CHARGING VOLTAGE TEST
Charging Voltage Test For Embodiments Usinq EA-based Liquid Developers:
An experimental setup for accomplishing a charging test is illustrated in the appropriate copending application, such as U.S. Ser. No. 09/492,707 recited herein. A thin (5 to 25 micrometers) liquid toner layer 5 is prepared on a flat conductive plate 6. The plate is grounded through a meter 7. The charging wire of the scorotron is represented by 1, the scorotron grid by 3, ions by 4, ground by 8, and electrostatic voltmeter by 10 with DC representing direct current. A charging device, such as a scorotron 2, is placed above the plate. The device can be used, measured the charging current passing through the toner layer or the charging voltage of the toner layer. For a charging voltage test, a meter 7 is not required. A thin (5 to 25 micrometers) liquid toner layer is prepared on a flat conductive plate. A scorotron is placed above the sample plate. When the scorotron is turned off, the charged toner layer on the plate is instantly moved to an immediately adjacent location underneath the electrostatic voltmeter (ESV) in order to measure the surface voltage. The ESV 10 is located about 1 to about 2 millimeters above the charged toner layer. A typical test involves first charging the toner layer with a scorotron for 0.5 second, and then monitoring the surface voltage decay as a function of time for two minutes. This is accomplished for both positively and negatively charged toner layers.
EXAMPLE VIII
Liquid Developer Containing 10 Percent Polyester EA Toner Solids:
Example II was repeated with the exception that the resulting dry powder sulfonated polyester EA toner (GS826) contains 24 percent Pigment Red 81:3 magenta pigment and 76 percent polyester resin 2 microns in volume average diameter and with a GSD of 1.24. Twenty grams of GS826 polyester EA toner and one hundred eighty grams of ISOPAR® M were added to a glass jar containing steel shots of {fraction (3/16)}″ in diameter. The mixture in the glass jar was ball milled for four hours. The resulting liquid developer contains about 10 percent toner solids and about 90 percent ISOPAR® M.
The polyester EA liquid developer in ISOPAR® M, prepared according to the above, was then coated on a conductive substrate by draw bar coating method as described in the charging voltage test. The resulting liquid developer layer comprised of both polyester EA toner solids and liquid with a thickness varying from ˜10 to 30 microns, depending on the size of the draw bar used for coating. The liquid developer layer contains about 10 percent polyester EA toner solids. Scorotrons were used as charging and recharging devices. The scorotron grid voltage and current were 250 volts and 250 microamperes, respectively. The scorotron was turned on for 0.5 second, followed by fast moving the charged liquid developer layer under an ESV for charging voltage measurements as a function of time.
The net positive and negative charge polarities of the liquid developer layer were determined by the positive and negative scorotron grid polarities, respectively.

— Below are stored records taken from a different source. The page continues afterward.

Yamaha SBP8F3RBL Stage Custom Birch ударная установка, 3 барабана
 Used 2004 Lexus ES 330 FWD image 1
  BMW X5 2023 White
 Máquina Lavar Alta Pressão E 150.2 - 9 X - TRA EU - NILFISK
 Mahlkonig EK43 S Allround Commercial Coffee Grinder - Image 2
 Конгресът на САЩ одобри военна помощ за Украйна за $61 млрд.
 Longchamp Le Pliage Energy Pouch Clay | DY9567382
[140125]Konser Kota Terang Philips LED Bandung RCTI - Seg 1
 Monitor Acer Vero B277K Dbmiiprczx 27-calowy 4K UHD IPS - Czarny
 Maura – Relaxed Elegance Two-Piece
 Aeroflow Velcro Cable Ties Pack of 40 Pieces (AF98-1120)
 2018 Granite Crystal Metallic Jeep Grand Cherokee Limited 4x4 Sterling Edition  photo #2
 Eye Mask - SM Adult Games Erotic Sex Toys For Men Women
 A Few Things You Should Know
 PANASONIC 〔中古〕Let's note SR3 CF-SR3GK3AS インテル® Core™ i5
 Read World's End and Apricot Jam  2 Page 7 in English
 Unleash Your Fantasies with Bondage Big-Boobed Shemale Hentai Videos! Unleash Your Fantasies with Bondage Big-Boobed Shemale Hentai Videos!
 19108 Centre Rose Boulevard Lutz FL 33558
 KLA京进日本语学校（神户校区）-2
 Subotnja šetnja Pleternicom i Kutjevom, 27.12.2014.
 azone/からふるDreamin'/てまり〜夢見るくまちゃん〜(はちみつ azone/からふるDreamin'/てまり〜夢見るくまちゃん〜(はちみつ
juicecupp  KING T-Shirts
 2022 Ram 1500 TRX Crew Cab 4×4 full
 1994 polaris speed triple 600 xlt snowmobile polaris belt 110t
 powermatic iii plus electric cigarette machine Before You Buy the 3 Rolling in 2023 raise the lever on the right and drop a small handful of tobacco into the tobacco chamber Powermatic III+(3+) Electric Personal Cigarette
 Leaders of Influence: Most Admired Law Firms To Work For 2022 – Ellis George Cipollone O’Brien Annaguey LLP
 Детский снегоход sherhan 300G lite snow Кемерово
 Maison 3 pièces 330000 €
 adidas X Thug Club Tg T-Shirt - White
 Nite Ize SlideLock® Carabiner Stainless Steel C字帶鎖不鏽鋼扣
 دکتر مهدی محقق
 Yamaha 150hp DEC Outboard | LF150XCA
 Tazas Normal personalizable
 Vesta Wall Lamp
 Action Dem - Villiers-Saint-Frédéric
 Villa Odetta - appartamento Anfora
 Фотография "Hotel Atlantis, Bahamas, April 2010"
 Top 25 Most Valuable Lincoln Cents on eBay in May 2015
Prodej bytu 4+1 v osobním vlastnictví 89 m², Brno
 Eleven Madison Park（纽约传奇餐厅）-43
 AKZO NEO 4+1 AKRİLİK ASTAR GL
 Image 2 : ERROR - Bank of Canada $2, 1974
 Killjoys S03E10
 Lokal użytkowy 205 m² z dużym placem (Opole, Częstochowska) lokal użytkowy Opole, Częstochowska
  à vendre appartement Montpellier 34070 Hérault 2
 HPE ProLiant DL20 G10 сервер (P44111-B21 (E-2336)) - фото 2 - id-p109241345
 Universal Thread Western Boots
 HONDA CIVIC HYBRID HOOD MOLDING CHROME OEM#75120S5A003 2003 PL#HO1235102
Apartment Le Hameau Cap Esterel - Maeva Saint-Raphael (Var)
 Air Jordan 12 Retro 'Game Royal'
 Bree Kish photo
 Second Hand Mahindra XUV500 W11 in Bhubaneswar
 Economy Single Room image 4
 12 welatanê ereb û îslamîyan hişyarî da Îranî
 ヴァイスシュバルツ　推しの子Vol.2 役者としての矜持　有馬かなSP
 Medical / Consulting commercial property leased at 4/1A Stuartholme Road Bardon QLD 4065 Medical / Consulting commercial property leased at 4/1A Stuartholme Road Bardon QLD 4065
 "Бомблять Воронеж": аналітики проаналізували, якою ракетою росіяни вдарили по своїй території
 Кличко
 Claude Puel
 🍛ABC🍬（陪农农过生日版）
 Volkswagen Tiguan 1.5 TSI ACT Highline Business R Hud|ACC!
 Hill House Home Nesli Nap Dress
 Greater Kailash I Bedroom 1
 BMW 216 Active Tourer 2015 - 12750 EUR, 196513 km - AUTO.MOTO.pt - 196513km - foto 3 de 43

When positive 250 volts of the scorotron grid voltage were applied, the resulting surface voltage was +114 volts for a liquid developer layer of 25.7 micron thickness. The surface voltage was measured at 2 seconds after the scorotron was turned off. This liquid developer layer contained about 0.21 mg/square centimeter of toner solids. When negative 250 volts of the scorotron grid voltage was applied, the resulting surface voltage was −86 volts for the same liquid developer layer as the above.
Other embodiments and modifications of the present invention may occur to those skilled in the art subsequent to a review of the information presented herein; these embodiments and modifications, as well as equivalents thereof, are also included within the scope of this invention.

Claims (26)

What is claimed is:
1. A reverse charging printing liquid developer comprised of a nonpolar liquid, and dispersed therein a dry toner comprised of a sulfonated polyester resin and a colorant.
2. A liquid developer comprised of a nonpolar liquid, and dispersed therein a dry toner comprised of a sulfonated polyester resin and a colorant, and wherein said toner is generated by emulsion/aggregation/coalescence processes, and wherein said developer further contains a charge acceptance additive.
3. A liquid developer in accordance with claim 1 wherein said liquid has a viscosity of from about 0.5 to about 500 centipoise and a resistivity equal to or greater than about 5×109, and said resin possesses a volume average particle diameter of from about 0.1 to about 30 microns.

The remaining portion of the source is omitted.